Rijkeboer fühlt sich aber fetischisiert. Die Männer interessieren sich für ihn nur wegen eines Fetischs und nicht wegen seines Charakters. Rijkeboer macht deutlich, dass die Transphobie nicht nur von heterosexuellen Menschen kommt, sondern auch von homosexuellen. Homosexuelle Frauenclubs schließen trans* Frauen aus, weil sie entweder zu weiblich, geschminkt oder zu männlich sind. Dabei scheint der „biologische“ Faktor entscheidender zu sein als der „gender“ Faktor, da maskuline cis Lesben keine Diskriminierung erfahren. Nur in der Schwulen-Szene, die sich selbst als offen ansieht, fühlt Rijkeboer sich, obwohl fetischisiert, begehrt.
Insgesamt ist das Buch eine Enthüllung. Die vielen unterschiedlichen Personen und Erfahrungen geben einem heterosexuellen Cis-Mann wie mir Einblicke, die ich sonst nicht hätte.

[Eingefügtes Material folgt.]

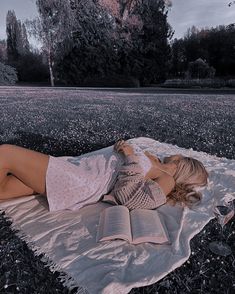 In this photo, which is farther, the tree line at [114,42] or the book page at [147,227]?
the tree line at [114,42]

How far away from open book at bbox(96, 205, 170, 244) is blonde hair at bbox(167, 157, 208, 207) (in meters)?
0.52

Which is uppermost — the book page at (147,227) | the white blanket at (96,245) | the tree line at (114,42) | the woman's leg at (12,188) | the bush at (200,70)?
the tree line at (114,42)

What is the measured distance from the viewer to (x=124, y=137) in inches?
293

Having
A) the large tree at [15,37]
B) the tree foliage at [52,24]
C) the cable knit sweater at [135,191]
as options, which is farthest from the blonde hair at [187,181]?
the large tree at [15,37]

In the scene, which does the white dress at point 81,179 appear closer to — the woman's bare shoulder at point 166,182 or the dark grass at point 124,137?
the woman's bare shoulder at point 166,182

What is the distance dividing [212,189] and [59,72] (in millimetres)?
36243

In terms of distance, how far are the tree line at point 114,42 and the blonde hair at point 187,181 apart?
31599 millimetres

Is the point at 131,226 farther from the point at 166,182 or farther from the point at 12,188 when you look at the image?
the point at 12,188

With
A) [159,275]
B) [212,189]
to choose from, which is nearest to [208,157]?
[212,189]

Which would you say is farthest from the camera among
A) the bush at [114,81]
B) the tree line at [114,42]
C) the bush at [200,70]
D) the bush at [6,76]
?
the tree line at [114,42]

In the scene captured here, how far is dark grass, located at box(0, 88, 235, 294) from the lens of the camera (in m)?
2.61

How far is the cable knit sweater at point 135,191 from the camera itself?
3.32 m

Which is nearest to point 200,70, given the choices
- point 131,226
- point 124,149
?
point 124,149

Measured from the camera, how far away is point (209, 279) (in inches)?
105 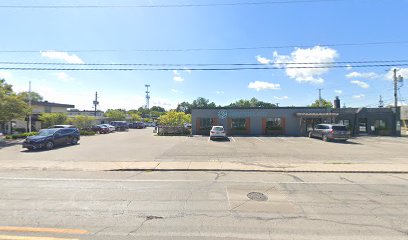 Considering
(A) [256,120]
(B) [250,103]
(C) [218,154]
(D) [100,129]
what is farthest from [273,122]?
(B) [250,103]

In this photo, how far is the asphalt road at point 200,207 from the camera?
4578 millimetres

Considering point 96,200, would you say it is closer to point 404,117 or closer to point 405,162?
point 405,162

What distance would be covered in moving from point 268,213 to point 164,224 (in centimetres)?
240

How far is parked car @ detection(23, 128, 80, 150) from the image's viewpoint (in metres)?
17.5

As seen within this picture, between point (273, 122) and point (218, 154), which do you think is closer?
point (218, 154)

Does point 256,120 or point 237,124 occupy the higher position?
point 256,120

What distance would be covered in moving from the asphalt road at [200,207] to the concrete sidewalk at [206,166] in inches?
53.2

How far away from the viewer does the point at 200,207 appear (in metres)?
5.95

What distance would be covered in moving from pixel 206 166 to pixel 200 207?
5.50 m

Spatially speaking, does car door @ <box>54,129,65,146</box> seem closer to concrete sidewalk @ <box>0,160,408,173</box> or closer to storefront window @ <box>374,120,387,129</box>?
concrete sidewalk @ <box>0,160,408,173</box>

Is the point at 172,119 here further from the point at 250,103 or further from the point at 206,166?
the point at 250,103

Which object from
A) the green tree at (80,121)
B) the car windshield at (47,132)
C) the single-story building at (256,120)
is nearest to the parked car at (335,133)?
the single-story building at (256,120)

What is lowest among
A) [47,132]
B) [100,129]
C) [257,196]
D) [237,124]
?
[257,196]

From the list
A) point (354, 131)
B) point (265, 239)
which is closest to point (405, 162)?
point (265, 239) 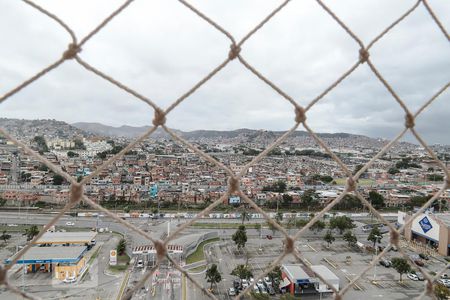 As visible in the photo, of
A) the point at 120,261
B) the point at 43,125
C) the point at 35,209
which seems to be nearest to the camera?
the point at 120,261

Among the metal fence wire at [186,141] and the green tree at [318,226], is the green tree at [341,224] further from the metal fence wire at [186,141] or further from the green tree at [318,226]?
the metal fence wire at [186,141]

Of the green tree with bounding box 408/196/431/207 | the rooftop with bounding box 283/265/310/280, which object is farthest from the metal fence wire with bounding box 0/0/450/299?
the green tree with bounding box 408/196/431/207

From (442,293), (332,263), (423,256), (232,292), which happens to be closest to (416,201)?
(423,256)

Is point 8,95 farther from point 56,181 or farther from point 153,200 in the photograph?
point 56,181

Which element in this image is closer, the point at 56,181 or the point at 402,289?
the point at 402,289

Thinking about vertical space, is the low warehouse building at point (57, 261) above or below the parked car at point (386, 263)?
above

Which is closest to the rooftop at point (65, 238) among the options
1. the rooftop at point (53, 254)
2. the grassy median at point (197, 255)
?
the rooftop at point (53, 254)

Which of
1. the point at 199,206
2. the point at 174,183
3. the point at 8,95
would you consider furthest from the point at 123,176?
the point at 8,95

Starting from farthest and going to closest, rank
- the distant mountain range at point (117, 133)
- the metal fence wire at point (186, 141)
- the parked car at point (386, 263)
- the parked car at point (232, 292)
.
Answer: the distant mountain range at point (117, 133) < the parked car at point (386, 263) < the parked car at point (232, 292) < the metal fence wire at point (186, 141)

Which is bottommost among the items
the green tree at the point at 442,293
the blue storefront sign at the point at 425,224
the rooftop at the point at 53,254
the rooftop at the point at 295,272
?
the rooftop at the point at 295,272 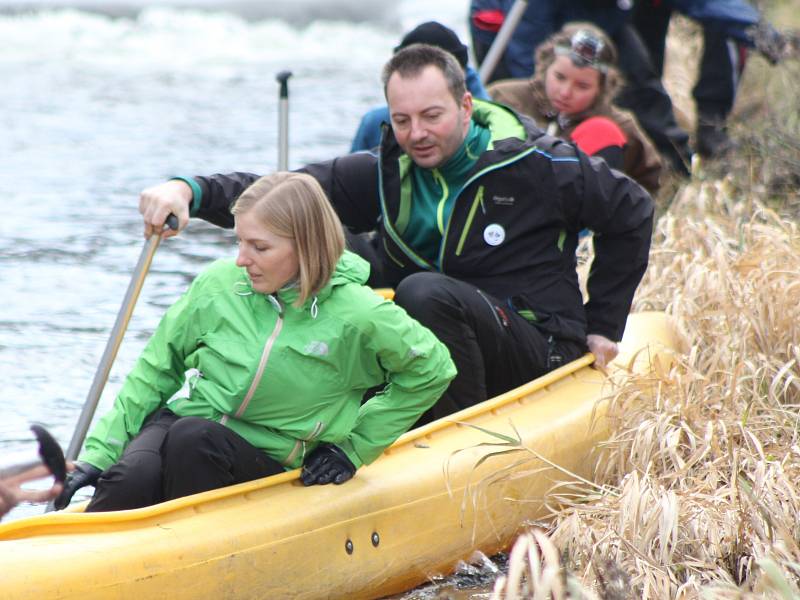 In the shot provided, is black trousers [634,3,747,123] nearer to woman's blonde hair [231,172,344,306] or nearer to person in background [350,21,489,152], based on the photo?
person in background [350,21,489,152]

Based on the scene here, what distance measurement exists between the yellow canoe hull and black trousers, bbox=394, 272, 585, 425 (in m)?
0.06

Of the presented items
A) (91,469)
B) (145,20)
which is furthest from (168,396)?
(145,20)

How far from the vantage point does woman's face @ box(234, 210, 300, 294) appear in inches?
118

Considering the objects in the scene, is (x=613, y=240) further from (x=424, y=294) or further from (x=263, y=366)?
(x=263, y=366)

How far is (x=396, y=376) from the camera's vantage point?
3170mm

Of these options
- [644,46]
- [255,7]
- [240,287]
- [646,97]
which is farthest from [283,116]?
[255,7]

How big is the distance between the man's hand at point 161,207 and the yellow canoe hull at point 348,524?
2.43 feet

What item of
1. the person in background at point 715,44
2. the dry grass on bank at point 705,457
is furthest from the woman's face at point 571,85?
the person in background at point 715,44

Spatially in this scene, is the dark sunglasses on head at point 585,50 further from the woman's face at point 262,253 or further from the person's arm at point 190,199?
the woman's face at point 262,253

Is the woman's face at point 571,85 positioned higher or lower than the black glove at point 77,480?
higher

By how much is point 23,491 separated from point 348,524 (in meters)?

Die Autor*innen beschreiben Beziehungen zwischen Männern, seien es Liebhaber, Freunde oder Vater-Sohn-Beziehungen und zu einem selbst und wie diese durch die verschrobenen Männlichkeitsbilder unserer Gesellschaft entscheidend geprägt wurden. Immer wieder kommt das Thema der Gefühle auf. Die fehlende Empathie. Die kommunikative Schwäche. Die Not, ein Ficker zu sein. Die Gewalt, die von Männern erwartet wird. Und immer wieder wird betont, dass das nicht von der Natur gegeben ist, sondern durch die geschlechtsspezifische Sozialisation entstanden ist. Anzumerken ist, dass Simone de Beauvoir im Nachwort etwas ungenau übersetzt wurde von Mithu Sanyal. Die Übersetzung „Man wird nicht als Frau geboren, man wird dazu gemacht“ ist ungenau. Die bessere Übersetzung ist „Man kommt nicht als Frau zur Welt, man wird es“. Der Unterschied ist wichtig, wie Margarete Stokowski in ihrer Kolumne der Zeit im Dezember 2013 schreibt, da es die Frau zur Mitschuldigen macht. Die Frau wird nicht nur vom Mann, dem Unterdrücker, in ihre Rolle gezwungen, sondern sie ist selbst Teil des Prozesses. Gerade wenn dieser Satz auf den Mann umgemünzt werden soll, muss er präzise sein, damit wir nicht implizieren, dass der Mann keine Eigenverantwortung hat. Deswegen muss es heißen: Man kommt nicht als Mann zur Welt, man wird es.